Стелла, колебавшаяся вначале, постепенно тоже заразилась энтузиазмом, и все трое соединенными усилиями взялись за меня. Я выдвигал все возражения, какие только мог придумать, но всякий раз кто-нибудь опровергал их.
Как я уже говорил, я человек тихий. Но в то же время я довольно-таки упрям. Эти качества, как я заметил, не так уж редко сочетаются. Сейчас против меня было трое. И хотя мысль о поездке во Флориду казалась мне все более соблазнительной, я уже не хотел отступать просто потому, что на меня наседали. Кончилось тем, что я заявил о своем твердом намерении взять отпуск в августе и поехать на озеро Удовольствия. Понятно, это заявление подействовало на всю компанию угнетающе. Да и тон у меня был, верно, раздраженный.
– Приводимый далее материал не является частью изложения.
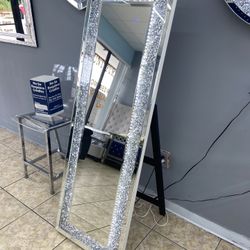New Mirror Stand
Меня огорчило, что Джефф и Стелла рано ушли, потому что я знал, что Линда сейчас на меня напустится. Я ожидал, что она начнет, как обычно, кричать и браниться, мне от таких сцен просто дурно делалось.
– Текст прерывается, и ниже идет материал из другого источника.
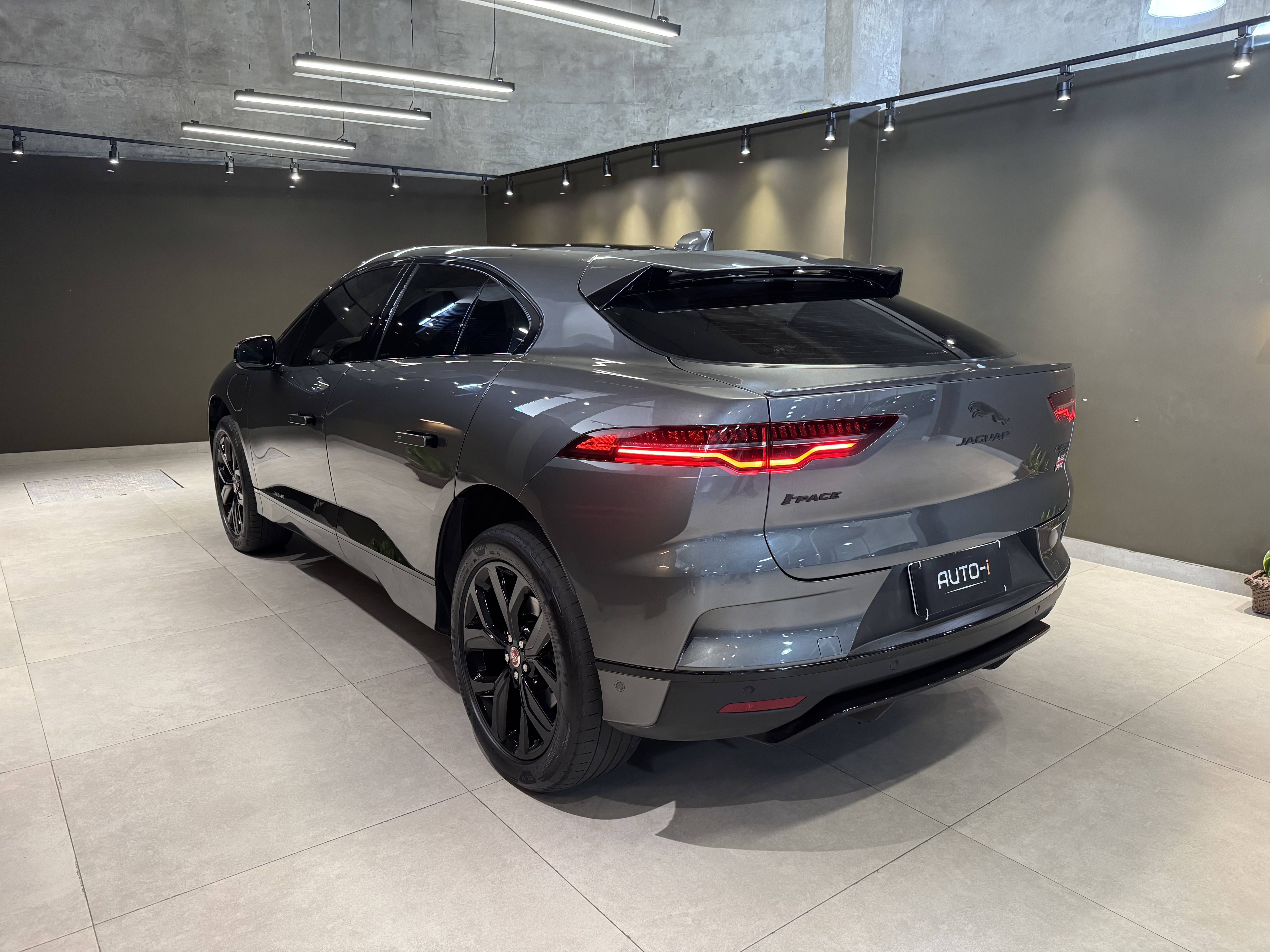 I-Pace SE EV400 AWD Aut. (Elétrico) - foto 6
Но на сей раз ничего подобного не произошло. Линда оставалась спокойной. Я убирал со стола, с минуты на минуту ожидая взрыва. Но его не было. Мы отправились спать.
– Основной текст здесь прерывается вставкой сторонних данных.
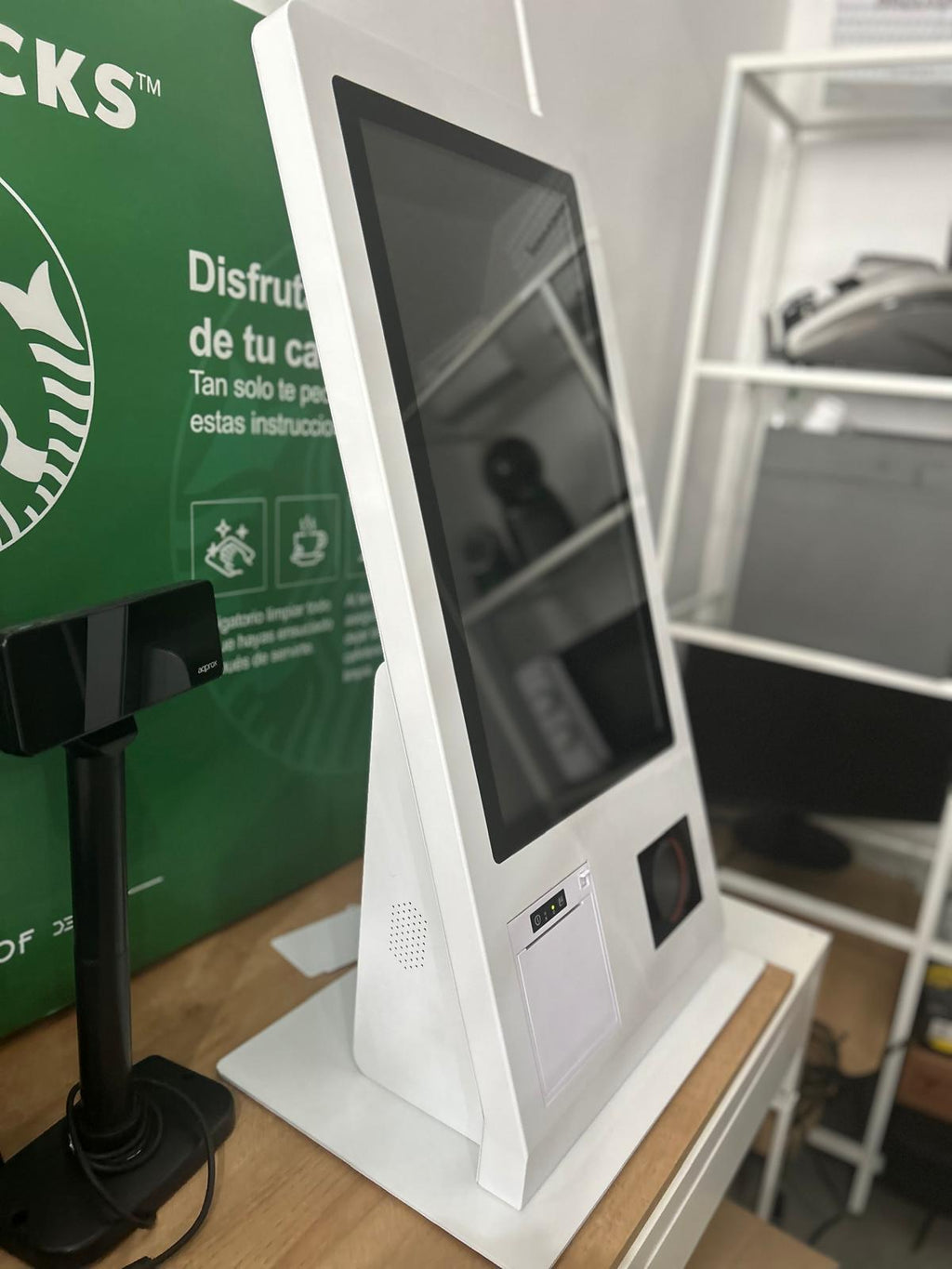 Quiosco interactivo profesional 21,5” – autoservicio inteligente para tu negocio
В ту ночь я лег первый, все еще ожидая взрыва, но его так и не случилось. Линда какое-то время еще копалась, а затем вышла из ванной и остановилась в проеме дверей, освещенная падавшим сзади светом. На ней была какая-то прозрачная штука, которой я никогда прежде не видел. Позднее я понял, что купила она ее специально для поездки во Флориду, и понял также, зачем купила.
Она долго стояла так. Как я уже говорил, я в жизни не видел лучшей фигуры, чем у нее. Наконец она погасила свет, и я услышал легкий шорох, услышал, как она в темноте приближается ко мне, и почувствовал аромат каких-то новых крепких духов, а затем ее руки обвились вокруг моей шеи.
— Любимый, я хочу, чтобы мы поехали во Флориду. Я хочу, чтобы мы начали нашу жизнь заново. Я хочу второго медового месяца, на этот раз настоящего.
Ну, если надо было ехать во Флориду, чтобы обеспечить это, я готов был ехать во Флориду.
Наутро она отправилась к Стелле Джеффрис. Я побеседовал с Джеффом на службе. И все было решено.
Мы договорились, что последний день я отработаю в пятницу, 22 октября, а вернусь из отпуска в понедельник, 15 ноября. Как только с этим было улажено, я позвонил из конторы Джеффу, и он сказал, что позаботится теперь о своем отпуске. В тот же вечер он позвонил мне домой и сообщил, что ему разрешили взять отпуск со среды, 27 октября, и что на работу он должен выйти в четверг, 18 ноября.